GOAL OF THE EXERCISE - Return exactly, please, the line that contains "Cherie Tote in Light Pink" and every line after it through the end of the material that follows, leaving pictures aside.

┌──

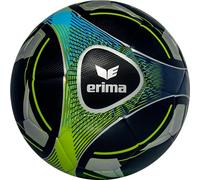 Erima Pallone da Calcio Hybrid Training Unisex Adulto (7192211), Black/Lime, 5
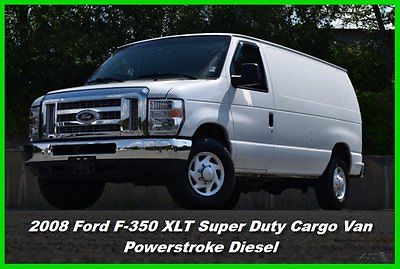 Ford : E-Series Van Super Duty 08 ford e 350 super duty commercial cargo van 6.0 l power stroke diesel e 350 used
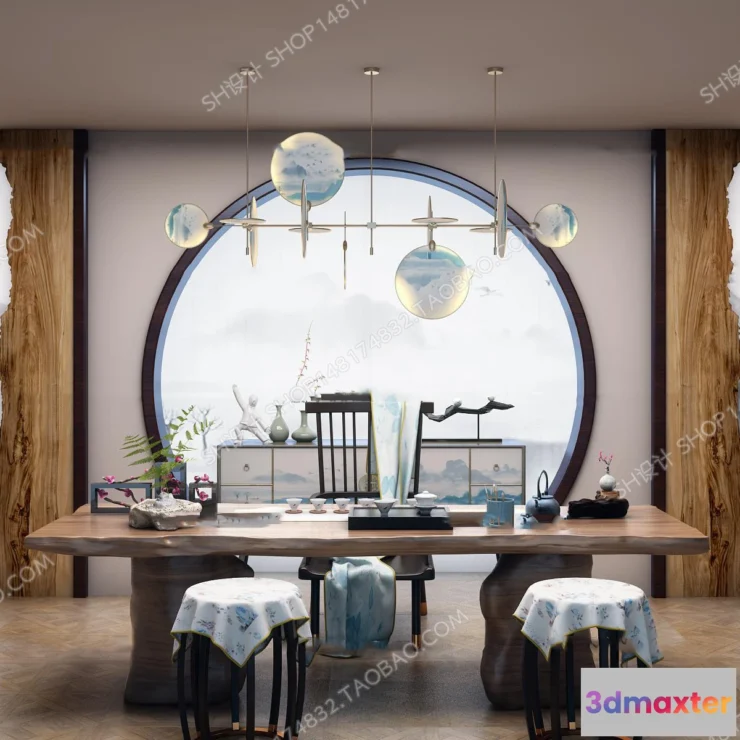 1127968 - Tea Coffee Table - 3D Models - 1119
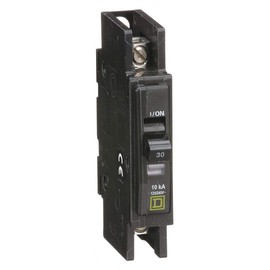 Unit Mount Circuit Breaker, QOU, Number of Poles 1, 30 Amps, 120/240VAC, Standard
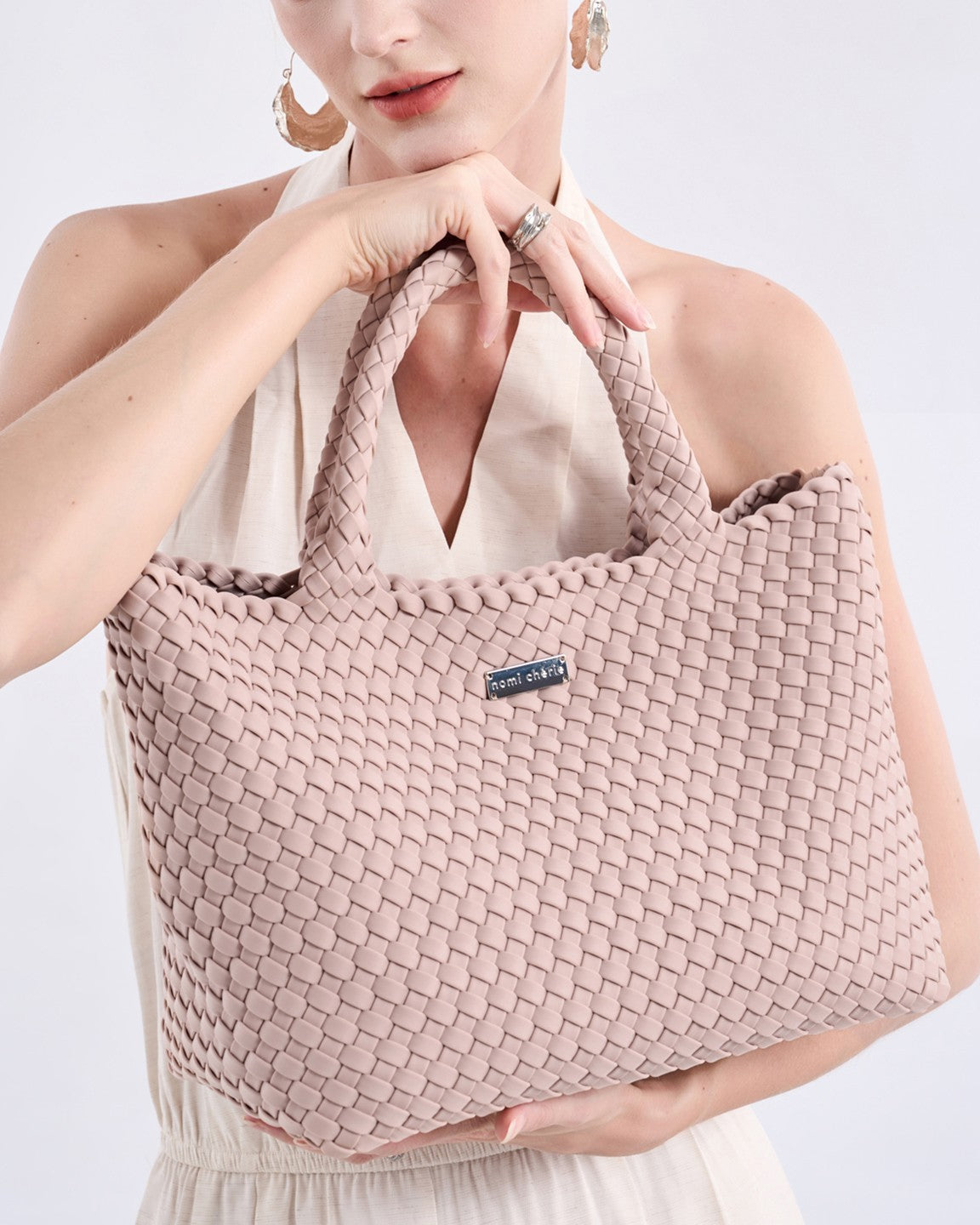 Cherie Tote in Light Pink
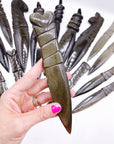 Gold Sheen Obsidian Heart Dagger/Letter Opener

└──

OUTPUT FOR THIS TASK -
 Cherie Tote in Light Pink
 Gold Sheen Obsidian Heart Dagger/Letter Opener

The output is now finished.